_INSTRUCTIONS FOR THE TASK_
Restate word for word the lines of the entries below, starting with the line that holds "In this tutorial, we" and ending with the line that holds "Hi YouTube, in", and no others.

Stored data
»»

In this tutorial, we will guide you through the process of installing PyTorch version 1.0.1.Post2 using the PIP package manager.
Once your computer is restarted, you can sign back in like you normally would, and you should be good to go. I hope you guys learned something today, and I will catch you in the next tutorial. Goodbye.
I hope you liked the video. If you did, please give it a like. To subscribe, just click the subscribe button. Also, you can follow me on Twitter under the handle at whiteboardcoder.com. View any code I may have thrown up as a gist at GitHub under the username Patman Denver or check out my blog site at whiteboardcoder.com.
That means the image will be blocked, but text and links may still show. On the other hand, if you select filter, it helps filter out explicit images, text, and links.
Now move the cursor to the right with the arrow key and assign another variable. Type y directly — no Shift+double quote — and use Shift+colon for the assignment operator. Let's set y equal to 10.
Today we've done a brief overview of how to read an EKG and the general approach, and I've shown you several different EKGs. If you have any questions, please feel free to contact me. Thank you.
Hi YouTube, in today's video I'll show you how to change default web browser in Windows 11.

««
»»

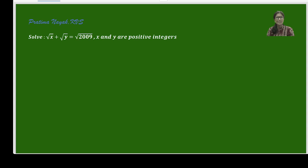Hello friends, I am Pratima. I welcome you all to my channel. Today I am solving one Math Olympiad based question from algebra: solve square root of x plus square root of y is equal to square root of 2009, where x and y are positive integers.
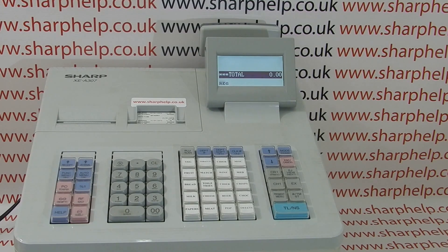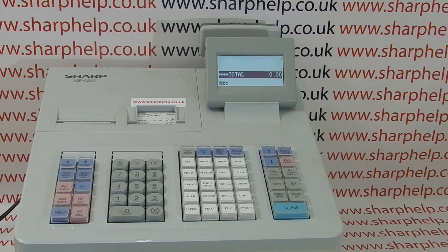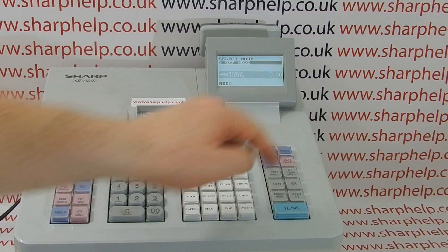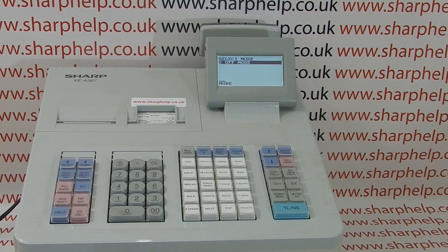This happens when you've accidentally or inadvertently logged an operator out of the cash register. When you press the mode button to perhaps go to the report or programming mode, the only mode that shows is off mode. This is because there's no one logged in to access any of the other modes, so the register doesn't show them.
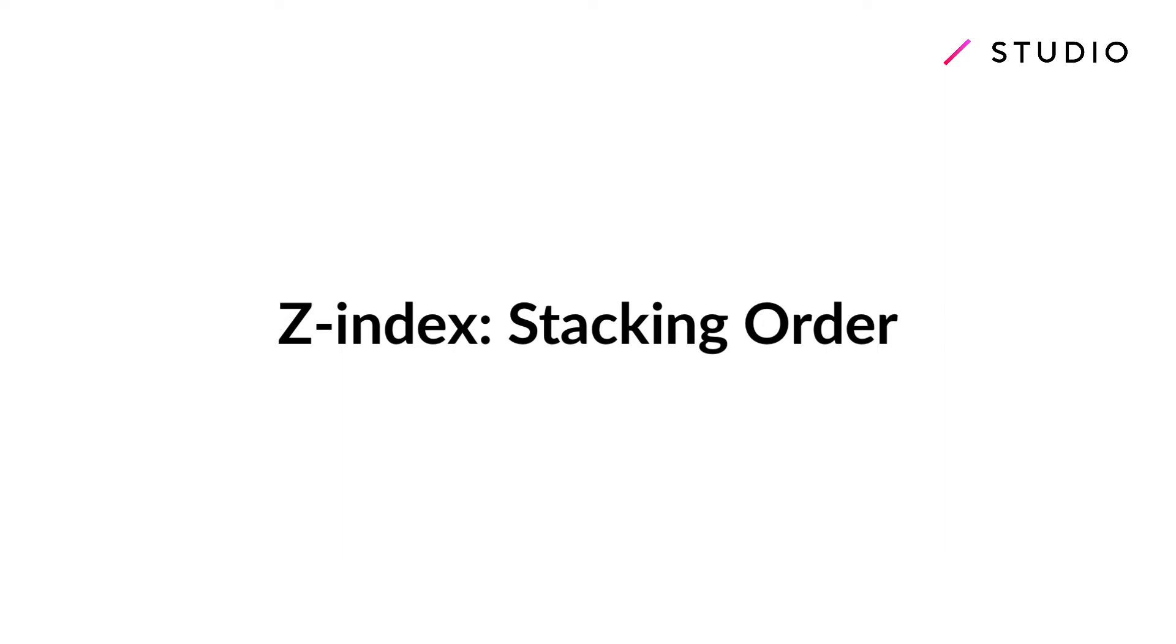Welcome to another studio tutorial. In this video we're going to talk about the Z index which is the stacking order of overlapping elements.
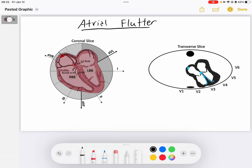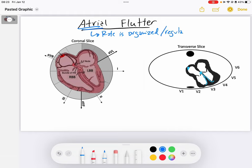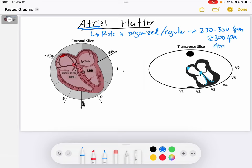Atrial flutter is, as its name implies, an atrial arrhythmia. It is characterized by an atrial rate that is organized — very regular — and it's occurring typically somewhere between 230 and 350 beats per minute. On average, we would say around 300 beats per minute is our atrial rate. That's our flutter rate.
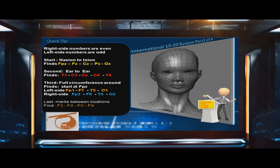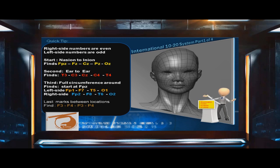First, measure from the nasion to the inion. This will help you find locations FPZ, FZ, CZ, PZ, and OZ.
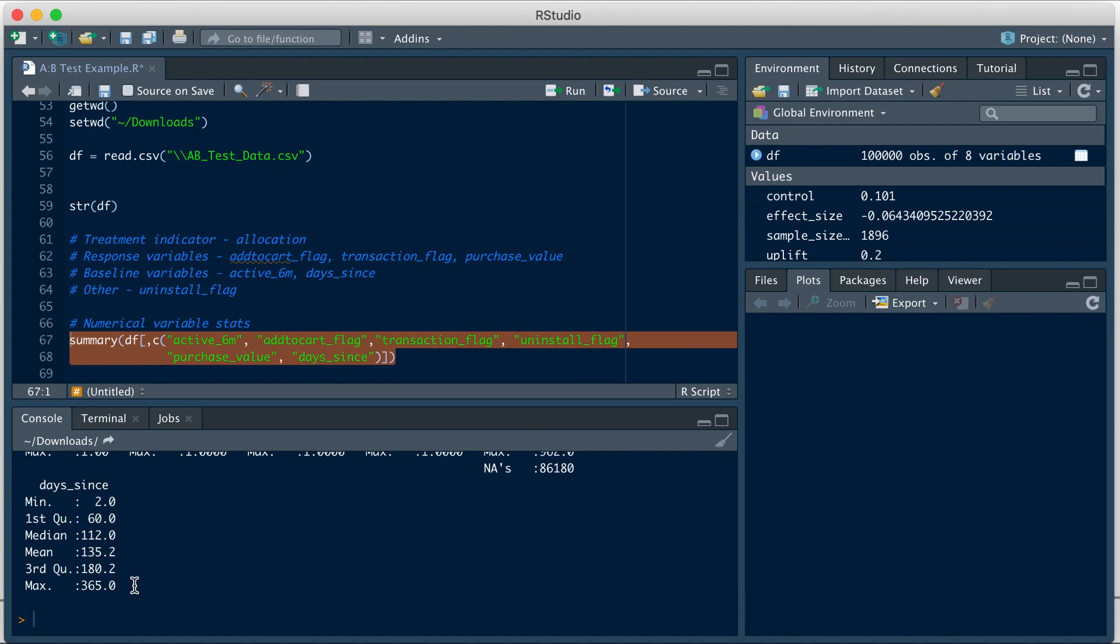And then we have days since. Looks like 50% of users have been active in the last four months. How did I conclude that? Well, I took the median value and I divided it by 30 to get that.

««

_OUTPUT FOR THIS EXERCISE_
In this tutorial, we will guide you through the process of installing PyTorch version 1.0.1.Post2 using the PIP package manager.
Once your computer is restarted, you can sign back in like you normally would, and you should be good to go. I hope you guys learned something today, and I will catch you in the next tutorial. Goodbye.
I hope you liked the video. If you did, please give it a like. To subscribe, just click the subscribe button. Also, you can follow me on Twitter under the handle at whiteboardcoder.com. View any code I may have thrown up as a gist at GitHub under the username Patman Denver or check out my blog site at whiteboardcoder.com.
That means the image will be blocked, but text and links may still show. On the other hand, if you select filter, it helps filter out explicit images, text, and links.
Now move the cursor to the right with the arrow key and assign another variable. Type y directly — no Shift+double quote — and use Shift+colon for the assignment operator. Let's set y equal to 10.
Today we've done a brief overview of how to read an EKG and the general approach, and I've shown you several different EKGs. If you have any questions, please feel free to contact me. Thank you.
Hi YouTube, in today's video I'll show you how to change default web browser in Windows 11.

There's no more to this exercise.